Agrocorp plans to expand the platform to other markets including Canada, Myanmar, Ivory Coast and Ukraine. Additionally, it aims to extend the commodities traded on the blockchain platform from pulses such as mung beans and chickpeas, to cereals, cotton, edible nuts and oilseeds.
How it works
Farmer’s log on to a web portal to access real-time commodity prices and register a sale. The sale and purchase agreements are digitally stored on the blockchain.
When goods are shipped the digital ledger is updated and this triggers a smart contract to request financing for Agrocorp. The ledger is linked to DBS via an API so that DBS automatically receives the request and potentially a request to release payment to the farmer.
All the participants in a trade can upload and view trade-related documents. Any changes in contract terms have to be validated by counterparties.
In future, the plan is to capture details about the source of commodities such as farm details and practices including water, fertilizer and pesticide usage. Hence this will enable end customers to view the food traceability and sustainability data.

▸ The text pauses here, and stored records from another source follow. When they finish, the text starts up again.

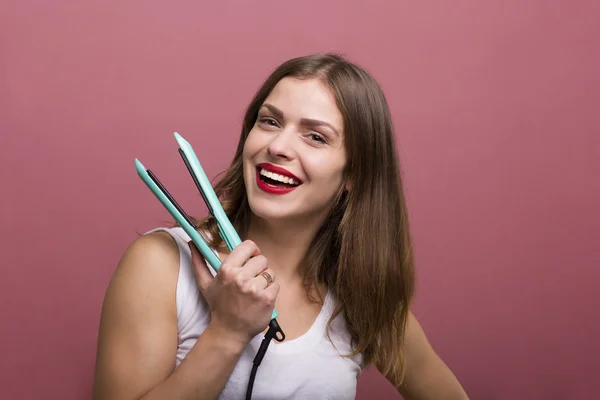 Vrouw styling haar haar — Stockfoto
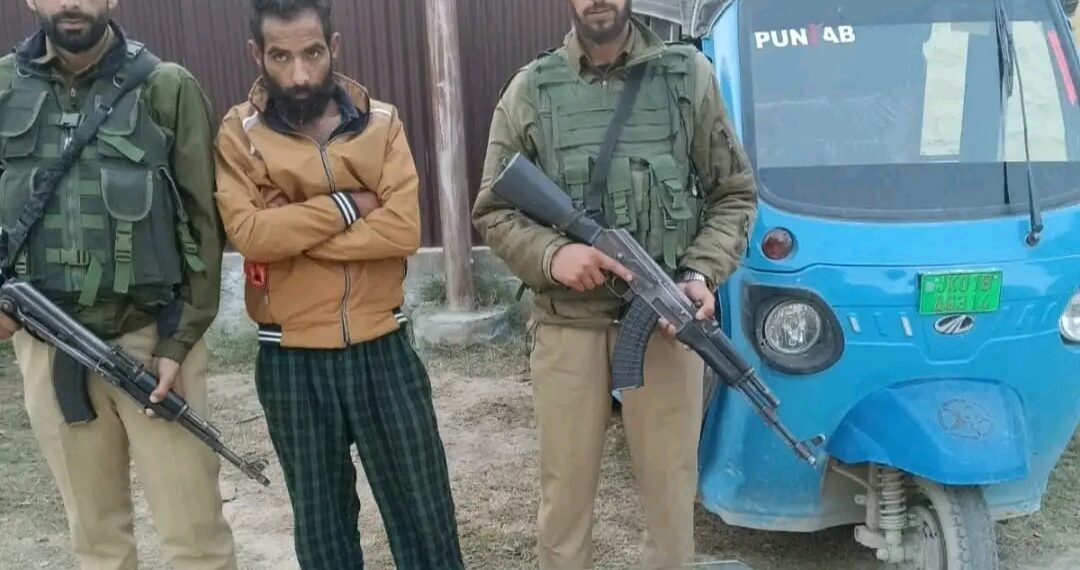 Police apprehends habitual offender in two theft cases in Baramulla; Cash and auto-rickshaw seized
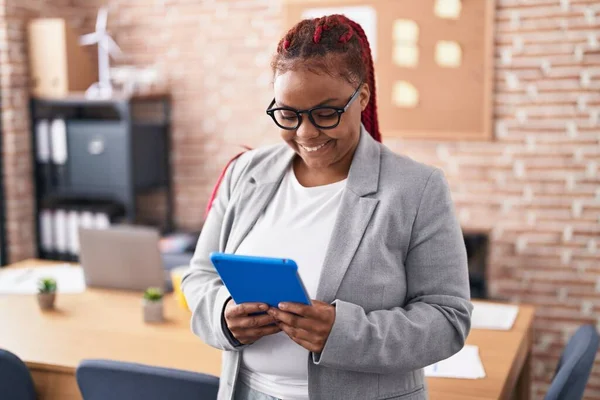 African American Woman Business Worker Using Smartphone Office — Stock Photo, Image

The platform was created by Distributed Ledger Technologies using Hyperledger technology.
Other commodity blockchains
Last week for of the world’s biggest agribusinesses announced plans to digitize their global shipping transactions using blockchain. The companies are Archer Daniels Midland (ADM), Bunge, Cargill and Louis Dreyfus.
The other big consortium is komgo which focuses on finance. Some of its shareholders are in the energy sector, so this will likely be the initial focus. But it has plans for metals and agribusiness. komgo shares several shareholders with VAKT, the blockchain platform for energy post-trade processing.